Early during his ministry as an Area Seventy, Elder David P. Homer was presiding at a stake conference. The First Presidency had asked that youth and missionaries be invited to the meeting, part of an emphasis on hastening the work.
“A missionary who had served initially in that stake was about to go home and had come back to that stake as his final area,” recalled Elder Homer during a Church News interview on the occasion of his being sustained at April general conference as a new General Authority Seventy.
“I invited some people to speak, including this missionary, who came forward and bore his testimony. He talked about the fact he had struggled, and he wondered if he had accomplished much good.”
A man had spoken earlier in the meeting, a recent convert who had just received his temple endowment. He spoke of how much it had meant to him and how much he appreciated the two missionaries who had introduced him to the gospel about two years before.
“Somehow, we connected the dots and found out that this missionary had been one of the ones that taught this man,” Elder Homer said. “So I invited both to come up to the stand, and I asked this brother, ‘Do you have anything to say to this missionary?’ He pushed me out of the way (he was a big man) and he picked this missionary up off the ground and gave him the biggest bear hug you’ve ever seen. He explained that this missionary had been the one that had borne testimony to him in his home, and it was at that time he got his own testimony.”

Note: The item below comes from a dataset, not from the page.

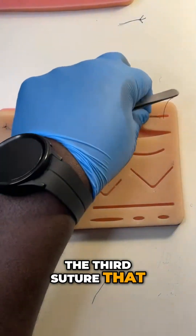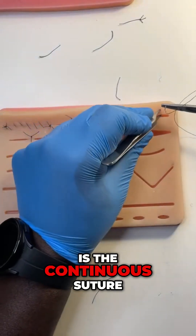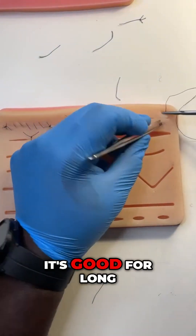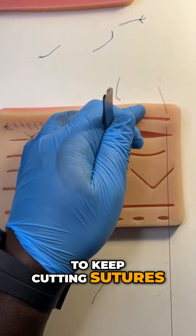The third suture that I have really enjoyed doing this week is the continuous suture. It's fast, it's good for long linear wounds, and saves me having to keep cutting sutures.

The incident teaches a great lesson, Elder Homer mused.
“Sometimes, we don’t see the fruits of our labors,” he said. “You just have to trust that the hand of the Lord is in it, because it is. I’ve seen it so many times.”
Elder Homer learned that through the many spiritual experiences he had while growing up in Salt Lake City in a home with faithful parents who served the Lord and loved the Church.
At age 14, he was assigned as a home teaching partner to John Pingree, a member of his ward. As a companionship, they would pray for and talk about their assigned families, not as adult to youth, but as partners in priesthood service. “I learned that the Spirit comes with and is associated with service,” Elder Homer said.
As he approached missionary age he felt an urgency to gain his own testimony. Over a period of months, he studied the Book of Mormon and read almost everything he could find about the Prophet Joseph Smith.
“I remember lying on the living room floor of my parents’ house,” he said. “I closed the book, rolled over and just thought about what I had been reading. This overwhelming sensation came from the Spirit that let me know that Joseph was who he said he was and that he did see what he said he saw.”
Elder Homer served his mission in Hong Kong, where he grew to love the Chinese Saints.
He first became aware of Nancy Dransfield when he was a returned missionary enrolled at the University of Utah. Her mother and his sister-in-law were visiting teaching companions in Philadelphia, and they tried to do some long-distance matchmaking of David and Nancy. Neither was interested.
Later, after Nancy had graduated from Brigham Young University and was working in Salt Lake City, they met while participating in a fireside at the Salt Lake Institute.
“At a prayer meeting, we had to go around and introduce ourselves,” Sister Homer recalled. “I heard someone say ‘Dave Homer,’ and I thought, ‘Oh, that’s the guy.’ He was sitting behind me, and when I peeked at him, I noticed he was really cute. We chatted that night and went on a date two days later.”
They were married shortly afterward.
“Now, we have six very active children,” she said.
The Homers’ family life was in frequent flux as he fulfilled a variety of executive positions over nearly 31 years with General Mills. His work included assignments in the United States, Latin America, Australia, Canada and Europe.
Just before his General Authority call in April, they were living in St. Sulpice, Switzerland, where he was CEO of Cereal Partners Worldwide, a joint venture between General Mills and Nestlé.
Through it all, a lesson he learned in his youth — that the presence of the Spirit is associated with service — has stayed with him, whether it be in his recent calling as Area Seventy or as a nursery leader or bulletin board specialist, a calling which he fulfilled while the family was in Australia.
“You serve where you’re called, and you do the best you can,” he said. “When you do that, the Lord really does make up the difference.”